Most business plans are organized into five major categories:
- Executive Summary
- Company Description
- Products & Services
- Marketing & Sales Plan
- Financial Information
Let’s discuss each category individually.
The first category is the Executive Summary. This may be the most important part of your business plan. Most experts agree, however, that this should be done last after you have completed all the other categories in your business plan. The executive summary is your chance to shine and show people that you are ready to get your business off the ground. As a summary section you will give a quick picture of your experience, training, and plans for success.
The second category is the Company Description.
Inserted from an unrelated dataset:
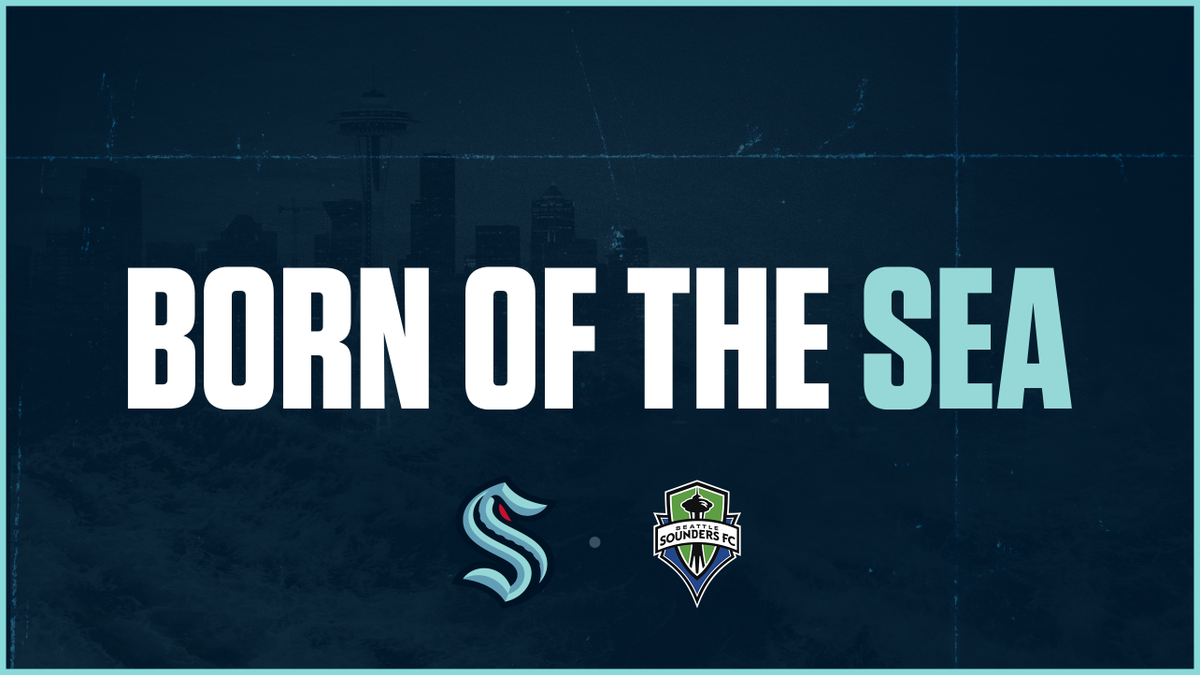 SoundersFC's tweet photo. Welcome to the greatest city in the world, Seattle Kraken! 🙌

#ReleaseTheKraken • #SeattleLove https://t.co/3cfwRj145I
This is where you give a profile of your company by explaining your business and what niche you are serving. State where you are located and under what type of legal format your company operates, such a sole proprietorship, Incorporated, or LLC. You should then list details such as:
- Management structure
- Number of employees
- Your target market and unique selling position
- Expertise level
- Scope of work
- Hours of operation
Next, list the duties and responsibilities of management/key staff/consultants, if any. Describe what your company does and what makes it unique. Describe your ideal target customer including:
- Age, marital status, income, number of children, educational level
- State whether or not their numbers are growing or declining
- Trends affecting your customer demographic
- What they spend on products or services similar to yours
- Who they purchase these products or services from
- Where and how do they buy them
Profile your main competition:
- Who are they
- Where they located
- What’s their size
- Discuss what market segments they serve
- Give a rough estimate of their sales
- Approximately how long have they been in business
- Sketch out their strengths and weaknesses
- State whether they are growing or declining
- What is their market share
- Where will you fit in
- How will you overcome any competitive disadvantages
The next category is Product & Services. In this section describe your products and services. Discuss how your products and services are unique and better than your competitors. Explain how you see your products and services changing over time and your business growing. Detail the level of customer demand for your products and services now and project where demand will be over the next 2 to 5 years.
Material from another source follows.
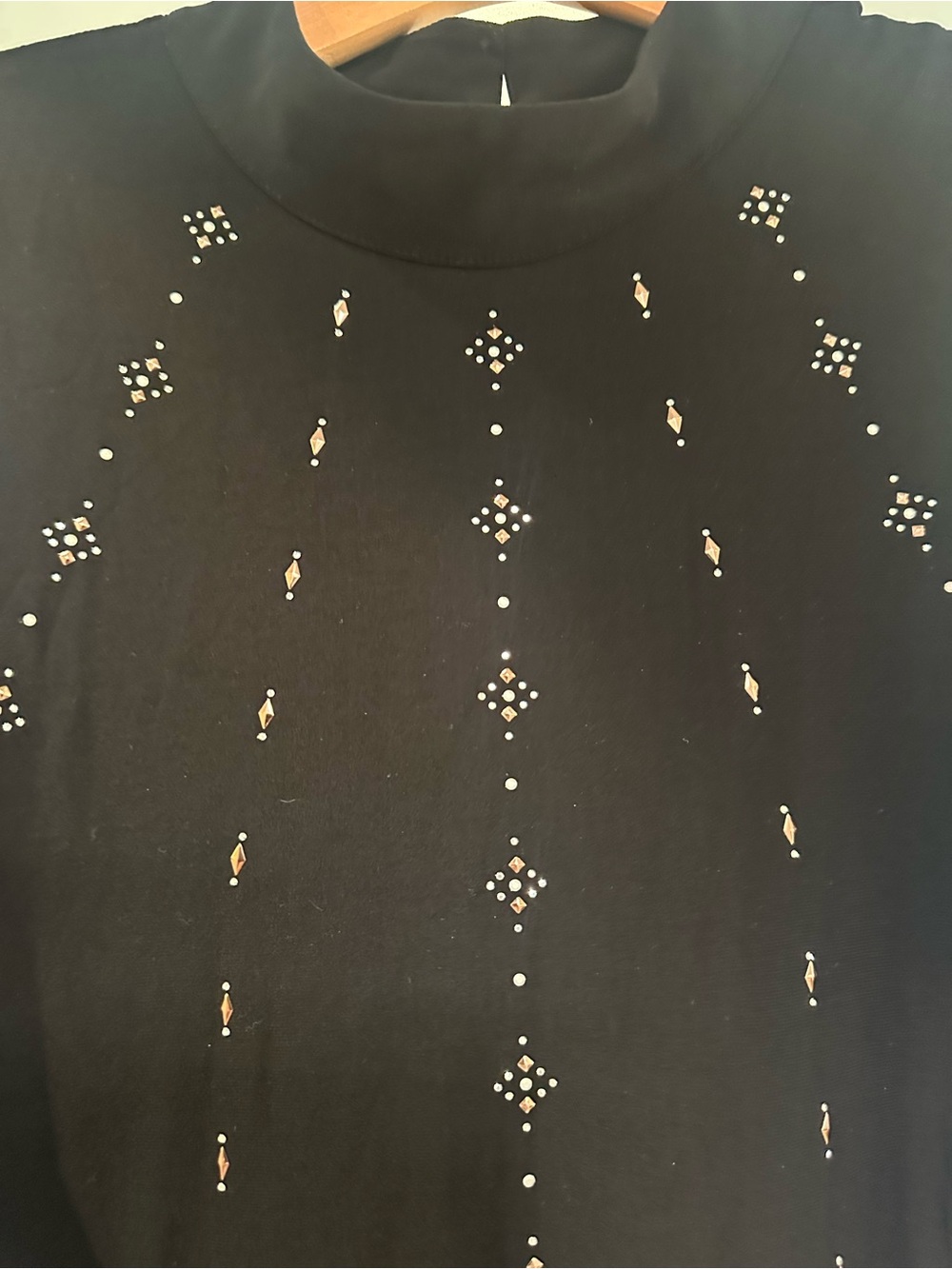 White House Black Market Dress with Metallic Accents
Category four is Marketing & Sales. The main purpose of this section is to discuss how you will reach customers. We will expand on who is the ideal target customer we discussed in Category two by answering questions such as:
- Who are my customers and potential customers?
- What kind of people are they?
- Where do they live?
- Can and will they buy?
- Am I offering the kinds of goods or services they want at the best price, at the best time, in the right amounts?
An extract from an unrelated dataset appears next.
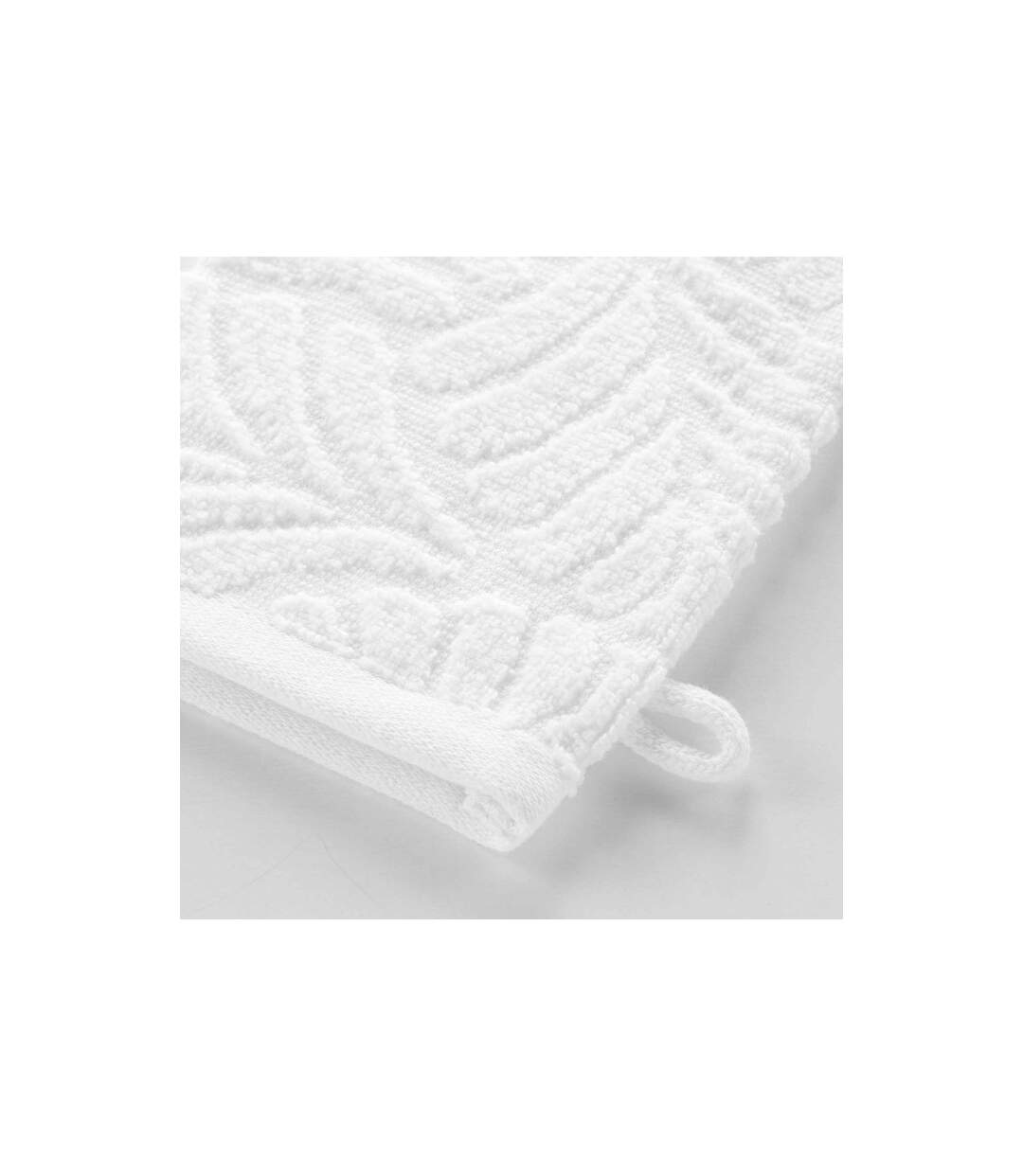 Lot de 2 Gants de Toilette Madeira 15x21cm Blanc-3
- Are my prices consistent with what buyers see as the product’s value?
- How does my business compare with my competitors?
A successful marketing strategy will typically include the four Ps – price, promotion, products, and place – to reflect the wants and desires of consumers in your target market. A product is an item that satisfies what consumer needs or wants. Price is the amount a consumer pays for the product. Promotion is all of the methods of communication and a marketer may used to provide information about the product. Place – or distribution – refers to the providing the product at a place that is convenient for consumers to access.
For sales strategy, provide a summary of the people most likely to purchase your products or services. Address the most urgent need they would be seeking to meet or which major benefits would attract them. Discuss where and how you will sell your products and services. Will you sell only online? Will you have a brick-and-mortar location?
The final category is Financial Information. This section should include financial statements and forecasts for the business. The financial structure of your business is usually described in three financial statements: the balance statement, income statement, and cash flow statement. As a new business you should include estimated start-up costs, a projected balance sheet, a projected income statement, and a projected cash flow statement for 12 months. All statements should be projected one year forward.